Nous avons entendu des hommes politiques, tout en admirant la dernière harangue de M. Odilon Barrot, regretter que cet honorable orateur se soit borné à de brillantes généralités sans prendre position au sein même de la question du moment. Mais il ne faut pas oublier la différence qui sépare une harangue aux électeurs en dehors de la chambre, et un discours qui s’adresse à l’assemblée même. M. Odilon Barrot a reçu de son talent et de son caractère la mission de travailler à l’éducation constitutionnelle de la France ; il est, avec des formes un peu plus vives, ce qu’était M. Royer-Collard sous la restauration, professeur de liberté et de pratique constitutionnelles. À la chambre, M. Barrot ne se refusera à aucune habileté parlementaire, sa conduite précédente en fait foi, et ce n’est pas lui qui suscitera des obstacles à des alliances nécessaires. L’effet moral du discours de M. Barrot a pour témoignage les nombreuses attaques dont il a été l’objet, et les adhésions sympathiques que lui ont envoyées toutes les nuances de l’opposition.

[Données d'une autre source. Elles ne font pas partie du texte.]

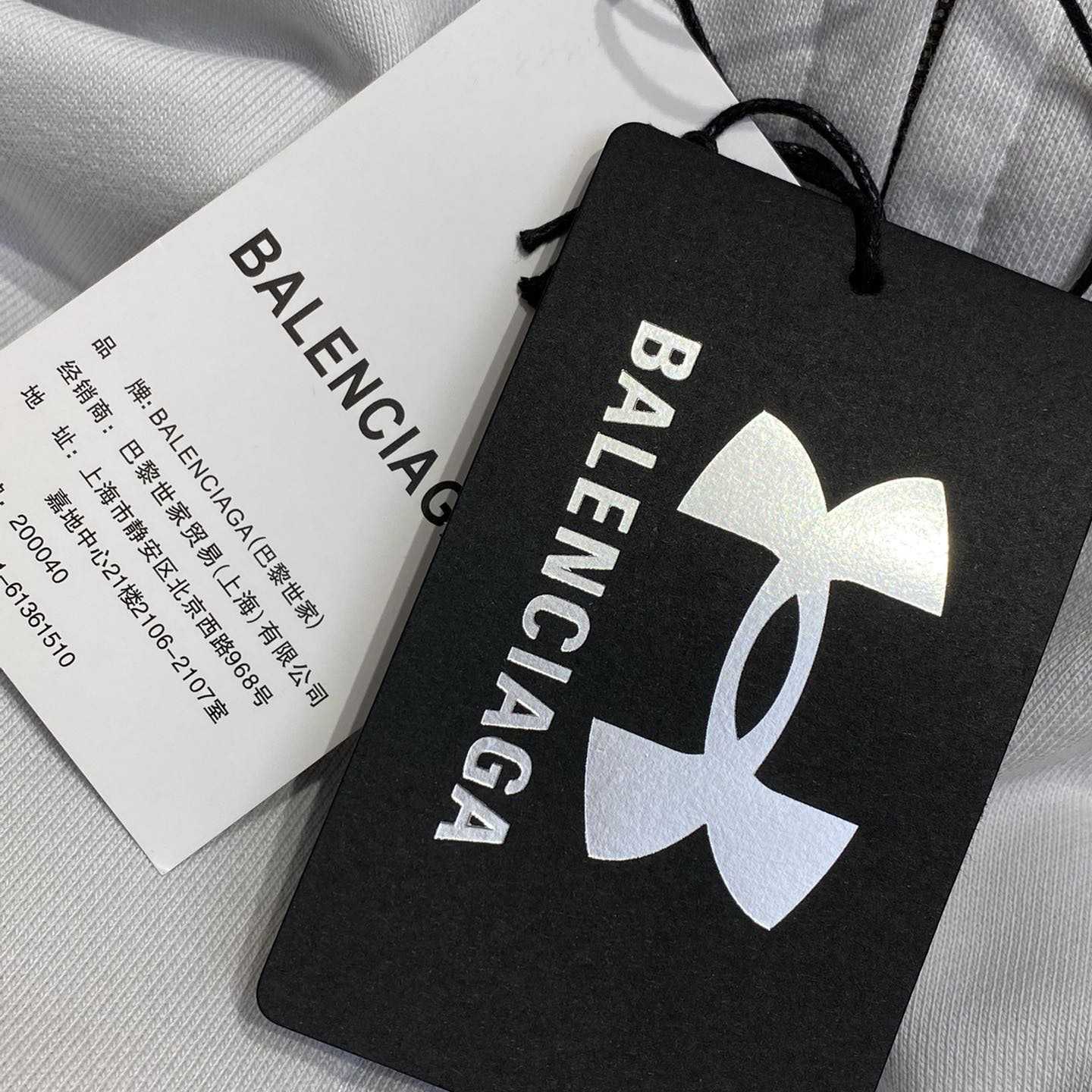 Balenciaga Under Armour® Zip-Up Hoodie And Sweatpants  - DesignerGu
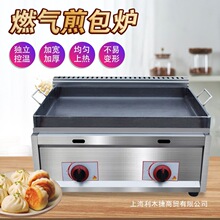 ˮ����t���Ô[��ȼ��������u������늟��F��������N�C����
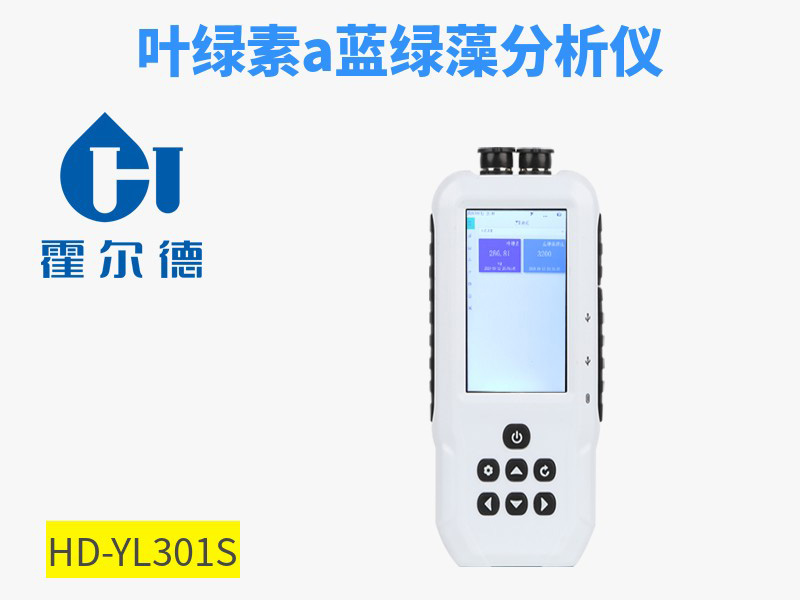 藍(lán)綠藻的危害與應(yīng)對(duì)措施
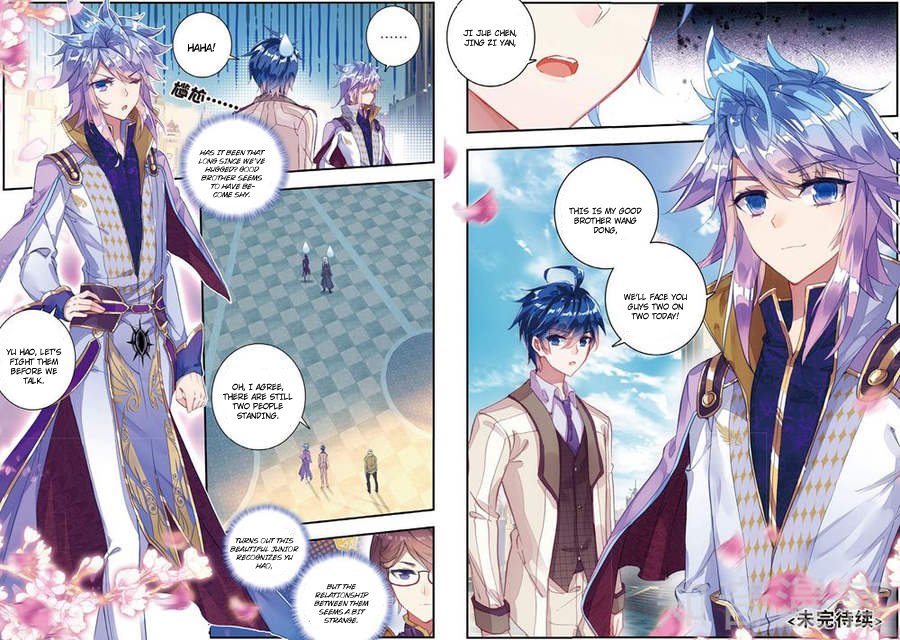 Page 14 of Chapter 154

M. de La Mennais publie aujourd’hui sous ce titre : Affaire de Rome, l’histoire de ses démêlés avec le saint-siége. Cette importante publication fixe nettement la position de l’illustre auteur des Paroles d’un croyant vis-à-vis du Vatican et du Vatican vis-à-vis de l’Europe. Elle renferme, entre autres documens précieux, une lettre du cardinal Pacca qu’on peut regarder comme le catéchisme politique de la cour de Rome. M. de Lamennais a mêlé au récit des faits les impressions de son voyage en Italie et en Bavière, et il conclut par des considérations de la plus haute portée sur les destinées futures de la papauté. La prenant corps à corps et la plaçant face à face avec l’avenir, il cherche quel peut y être son rôle ; et impérieusement entraîné par sa logique puissante, invincible, il n’en trouve aucun à lui assigner. C’est maintenant une querelle vidée entre Rome et lui ; il n’aura plus à y revenir.